8. The method of claim 7, wherein the step of adding a predetermined amount of powder andor liquid to the vessel comprises adding a pre-measured amount of dry ingredients and a pre-measured amount of acid in liquid form.
9. The method of claim 8, wherein the acid is an acetic acid solution.
10. The method of claim 9, wherein the pre-measured dry ingredients include sodium chloride, potassium chloride, calcium chloride, magnesium chloride and dextrose.

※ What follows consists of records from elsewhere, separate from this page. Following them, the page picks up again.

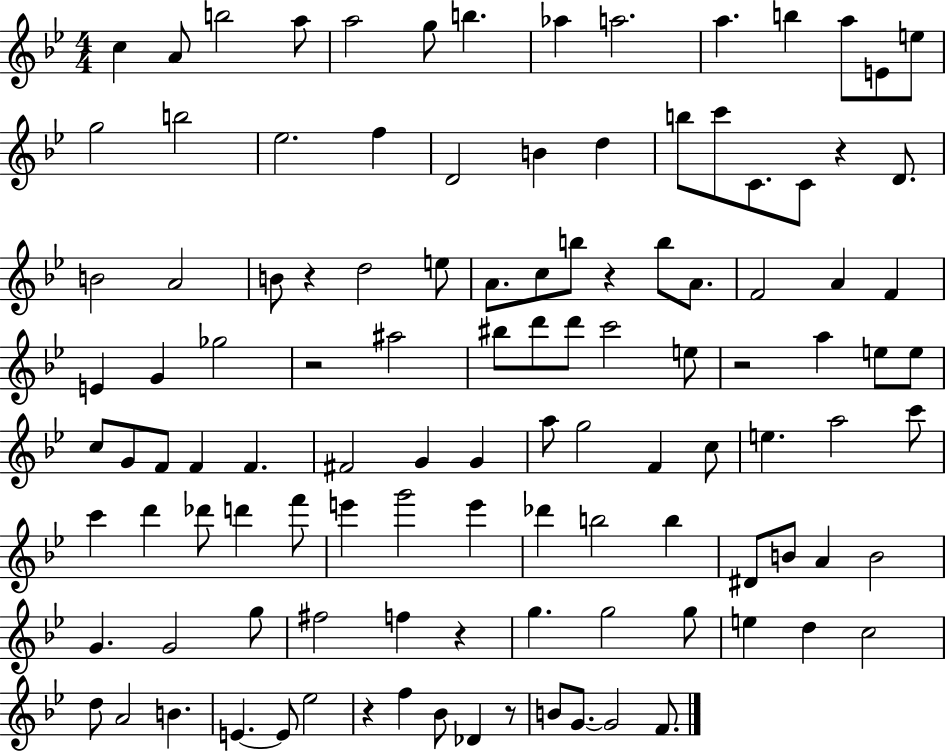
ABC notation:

X:1
T:Untitled
M:4/4
L:1/4
K:Bb
c A/2 b2 a/2 a2 g/2 b _a a2 a b a/2 E/2 e/2 g2 b2 _e2 f D2 B d b/2 c'/2 C/2 C/2 z D/2 B2 A2 B/2 z d2 e/2 A/2 c/2 b/2 z b/2 A/2 F2 A F E G _g2 z2 ^a2 ^b/2 d'/2 d'/2 c'2 e/2 z2 a e/2 e/2 c/2 G/2 F/2 F F ^F2 G G a/2 g2 F c/2 e a2 c'/2 c' d' _d'/2 d' f'/2 e' g'2 e' _d' b2 b ^D/2 B/2 A B2 G G2 g/2 ^f2 f z g g2 g/2 e d c2 d/2 A2 B E E/2 _e2 z f _B/2 _D z/2 B/2 G/2 G2 F/2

11. A method of preparing a dialysate concentrate for use in performing a dialysis procedure, comprising the steps of:
mixing a predetermined amount of water with a pre-measured amount of dry ingredients and a pre-measured amount of liquid which comprises an acid solution.
12. The method of claim 11, wherein the pre-measured dry ingredients are supplied as a kit in which each such ingredient is present in a particular amount correlated with the amount of the other dry ingredients so supplied.
13. The method of claim 12, wherein the package includes sodium chloride, potassium chloride, calcium chloride, magnesium chloride and dextrose.
14. The method of claim 11, wherein the acid solution is an acetic acid solution.
15. The method of claim 14, wherein the acid solution is separately packaged in a pre-measured amount which is related to the amounts of said dry ingredients supplied in said kit.
16. The method of claim 8, wherein the acid solution is added to the contents of said vessel before at least some of the dry ingredients.
17. The method of claim 8, including the step of recirculating the liquid in said vessel from one location therein to another location therein to facilitate mixing of the said powder andor solution with the water in said vessel.
18. The method of claim 17, wherein said step of recirculating said liquid comprises pumping the liquid from a lower level of said vessel to a higher level thereof.
19. The method of claim 18, wherein said step of recirculating is carried on at least partially during the operation of said agitator.
20. The method of claim 7, wherein the step of adding a predetermined amount of powder andor liquid to the vessel is carried out manually at least in part.